Develop scientific understanding of conservation practice effects at watershed scales. Quantify the measurable effects of conservation practices at the watershed scale. Enhance understanding of conservation effects in the biophysical setting of a watershed. Inform local watershed conservation strategies.
Approach:
Southeast Watershed Research Lab (SEWRL) scientists will continue to quantify the
conservation practices that have been implemented on the Little River Experimental Watershed (LREW) and their impact on water quantity and quality within the region. Primary conservation practices within this watershed include nutrient management, conservation tillage, winter covers, and riparian buffers.

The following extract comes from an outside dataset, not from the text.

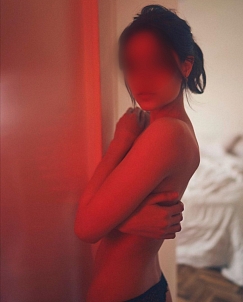 Девушка массажистка Ева, салон Kan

As part of the assessment we will quantify relationships between conservation practices, soil organic C, available soil water, and soil N. A combination of field and watershed scale data, field surveys, and remotely collected images will be compiled and validated. Field surveys will assess current cropping systems, rotations, and the use of winter covers. Advanced image processing software will be used to assess conservation practice acreage throughout the watershed. The conservation practice data will be incorporated into a geographic information system (GIS) and watershed level characterizations of winter covers, and conservation acreage will be made for each LREW sub-watershed. Will use a combination of observations and computer simulation with the Agricultural Policy / Environmental eXtender (APEX) and Soil Water Assessment Tool (SWAT) models, will utilize current modifications of the models to examine processes at the landscape scale. Will work with model developers from the USDA-ARS in Temple, TX, to incorporate appropriate modifications into the models that are necessary to describe the unique Coastal Plain Landscape.